== WORK TASK ==
Every line from the one containing "My flowers for grandpa's apple orchard" to the one containing "توضیحات سخنگوی قوه" in the records below, both included, must be set down exactly, and no other line.

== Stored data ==
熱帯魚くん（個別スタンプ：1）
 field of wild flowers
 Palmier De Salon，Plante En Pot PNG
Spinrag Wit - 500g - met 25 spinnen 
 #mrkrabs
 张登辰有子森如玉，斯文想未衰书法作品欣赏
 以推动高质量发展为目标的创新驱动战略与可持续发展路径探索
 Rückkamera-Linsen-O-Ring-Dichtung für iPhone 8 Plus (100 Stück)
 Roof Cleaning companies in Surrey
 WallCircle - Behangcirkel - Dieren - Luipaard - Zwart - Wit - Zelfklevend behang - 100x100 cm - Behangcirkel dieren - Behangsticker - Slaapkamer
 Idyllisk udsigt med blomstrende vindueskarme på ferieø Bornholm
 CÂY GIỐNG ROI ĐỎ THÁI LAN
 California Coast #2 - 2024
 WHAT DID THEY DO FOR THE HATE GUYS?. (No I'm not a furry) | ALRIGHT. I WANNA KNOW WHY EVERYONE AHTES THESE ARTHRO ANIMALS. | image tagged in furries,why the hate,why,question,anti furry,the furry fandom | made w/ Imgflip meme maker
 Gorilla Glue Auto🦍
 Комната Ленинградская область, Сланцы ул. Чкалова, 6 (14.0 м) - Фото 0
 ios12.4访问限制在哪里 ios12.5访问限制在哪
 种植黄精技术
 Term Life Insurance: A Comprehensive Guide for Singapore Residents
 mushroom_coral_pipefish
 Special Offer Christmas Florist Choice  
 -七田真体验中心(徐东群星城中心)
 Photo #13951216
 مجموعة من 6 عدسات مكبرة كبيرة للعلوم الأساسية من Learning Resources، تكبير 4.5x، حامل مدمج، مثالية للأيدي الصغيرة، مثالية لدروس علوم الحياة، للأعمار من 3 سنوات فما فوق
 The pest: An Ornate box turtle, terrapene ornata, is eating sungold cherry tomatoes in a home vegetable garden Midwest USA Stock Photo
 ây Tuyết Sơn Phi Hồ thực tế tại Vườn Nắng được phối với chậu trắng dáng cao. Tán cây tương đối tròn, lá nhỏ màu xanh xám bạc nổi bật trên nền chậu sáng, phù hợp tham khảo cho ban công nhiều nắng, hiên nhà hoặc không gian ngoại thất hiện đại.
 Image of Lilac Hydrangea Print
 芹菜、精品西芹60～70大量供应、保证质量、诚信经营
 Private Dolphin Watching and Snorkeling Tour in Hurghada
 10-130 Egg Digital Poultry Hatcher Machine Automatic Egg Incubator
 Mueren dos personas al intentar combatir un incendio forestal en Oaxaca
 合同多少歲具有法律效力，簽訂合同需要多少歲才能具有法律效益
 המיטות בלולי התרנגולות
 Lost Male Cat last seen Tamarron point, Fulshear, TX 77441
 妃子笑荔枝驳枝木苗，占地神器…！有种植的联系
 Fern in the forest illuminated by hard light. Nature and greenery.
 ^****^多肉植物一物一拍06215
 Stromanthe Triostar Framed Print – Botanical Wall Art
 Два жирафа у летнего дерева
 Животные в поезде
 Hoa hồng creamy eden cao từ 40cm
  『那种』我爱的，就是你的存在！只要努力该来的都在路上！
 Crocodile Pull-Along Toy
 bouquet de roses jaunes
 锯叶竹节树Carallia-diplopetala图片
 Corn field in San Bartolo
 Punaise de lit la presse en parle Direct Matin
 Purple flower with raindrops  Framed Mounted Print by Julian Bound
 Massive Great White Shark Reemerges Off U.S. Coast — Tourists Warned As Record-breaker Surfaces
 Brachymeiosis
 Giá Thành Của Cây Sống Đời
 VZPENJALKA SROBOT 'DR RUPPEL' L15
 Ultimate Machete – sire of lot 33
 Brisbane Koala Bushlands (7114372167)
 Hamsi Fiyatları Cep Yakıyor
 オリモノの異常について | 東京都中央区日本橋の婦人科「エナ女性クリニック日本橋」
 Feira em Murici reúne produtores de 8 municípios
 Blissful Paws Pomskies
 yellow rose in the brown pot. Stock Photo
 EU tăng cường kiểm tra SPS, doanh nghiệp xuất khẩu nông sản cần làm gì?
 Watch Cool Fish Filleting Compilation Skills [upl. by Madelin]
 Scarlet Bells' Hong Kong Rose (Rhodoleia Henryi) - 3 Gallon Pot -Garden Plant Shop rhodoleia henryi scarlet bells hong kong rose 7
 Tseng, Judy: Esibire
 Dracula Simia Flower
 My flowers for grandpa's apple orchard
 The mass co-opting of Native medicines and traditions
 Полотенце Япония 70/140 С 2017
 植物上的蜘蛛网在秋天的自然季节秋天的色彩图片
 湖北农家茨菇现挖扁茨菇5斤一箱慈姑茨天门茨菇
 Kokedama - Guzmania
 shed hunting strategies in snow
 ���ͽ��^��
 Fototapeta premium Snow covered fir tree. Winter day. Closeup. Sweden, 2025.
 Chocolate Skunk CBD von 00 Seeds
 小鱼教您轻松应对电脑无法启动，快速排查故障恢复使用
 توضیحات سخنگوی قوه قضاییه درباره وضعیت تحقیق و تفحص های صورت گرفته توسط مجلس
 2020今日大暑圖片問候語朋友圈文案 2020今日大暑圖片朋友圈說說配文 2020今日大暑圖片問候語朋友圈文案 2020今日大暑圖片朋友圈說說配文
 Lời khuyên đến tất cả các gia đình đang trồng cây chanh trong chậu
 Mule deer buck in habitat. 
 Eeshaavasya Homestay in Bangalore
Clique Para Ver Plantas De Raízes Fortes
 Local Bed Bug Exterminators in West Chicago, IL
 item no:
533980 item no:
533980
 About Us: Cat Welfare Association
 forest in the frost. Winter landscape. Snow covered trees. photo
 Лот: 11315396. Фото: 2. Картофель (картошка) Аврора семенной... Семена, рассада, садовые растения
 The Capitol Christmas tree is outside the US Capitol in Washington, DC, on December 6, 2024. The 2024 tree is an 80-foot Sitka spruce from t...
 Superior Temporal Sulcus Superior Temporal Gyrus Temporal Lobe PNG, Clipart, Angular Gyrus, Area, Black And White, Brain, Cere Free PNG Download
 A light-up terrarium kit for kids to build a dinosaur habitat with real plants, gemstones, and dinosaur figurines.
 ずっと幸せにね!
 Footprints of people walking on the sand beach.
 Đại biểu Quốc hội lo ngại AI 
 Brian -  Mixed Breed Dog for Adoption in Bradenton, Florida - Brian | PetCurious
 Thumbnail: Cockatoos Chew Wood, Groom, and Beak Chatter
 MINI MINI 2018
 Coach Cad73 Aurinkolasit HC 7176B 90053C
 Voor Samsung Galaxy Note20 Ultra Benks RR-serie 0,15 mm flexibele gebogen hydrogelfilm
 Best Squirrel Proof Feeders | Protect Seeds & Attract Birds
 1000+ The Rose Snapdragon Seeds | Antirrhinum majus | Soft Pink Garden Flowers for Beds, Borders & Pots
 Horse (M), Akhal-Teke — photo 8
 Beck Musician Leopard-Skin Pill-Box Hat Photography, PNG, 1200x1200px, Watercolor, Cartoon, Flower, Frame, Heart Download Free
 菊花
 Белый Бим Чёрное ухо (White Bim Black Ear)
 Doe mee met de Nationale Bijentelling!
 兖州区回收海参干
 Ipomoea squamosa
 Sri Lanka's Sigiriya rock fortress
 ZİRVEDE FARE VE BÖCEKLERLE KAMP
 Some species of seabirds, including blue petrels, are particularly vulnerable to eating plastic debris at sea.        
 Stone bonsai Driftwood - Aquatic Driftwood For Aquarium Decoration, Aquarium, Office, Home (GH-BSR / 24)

== SOLUTION FOR THIS EXERCISE ==
 My flowers for grandpa's apple orchard
 The mass co-opting of Native medicines and traditions
 Полотенце Япония 70/140 С 2017
 植物上的蜘蛛网在秋天的自然季节秋天的色彩图片
 湖北农家茨菇现挖扁茨菇5斤一箱慈姑茨天门茨菇
 Kokedama - Guzmania
 shed hunting strategies in snow
 ���ͽ��^��
 Fototapeta premium Snow covered fir tree. Winter day. Closeup. Sweden, 2025.
 Chocolate Skunk CBD von 00 Seeds
 小鱼教您轻松应对电脑无法启动，快速排查故障恢复使用
 توضیحات سخنگوی قوه قضاییه درباره وضعیت تحقیق و تفحص های صورت گرفته توسط مجلس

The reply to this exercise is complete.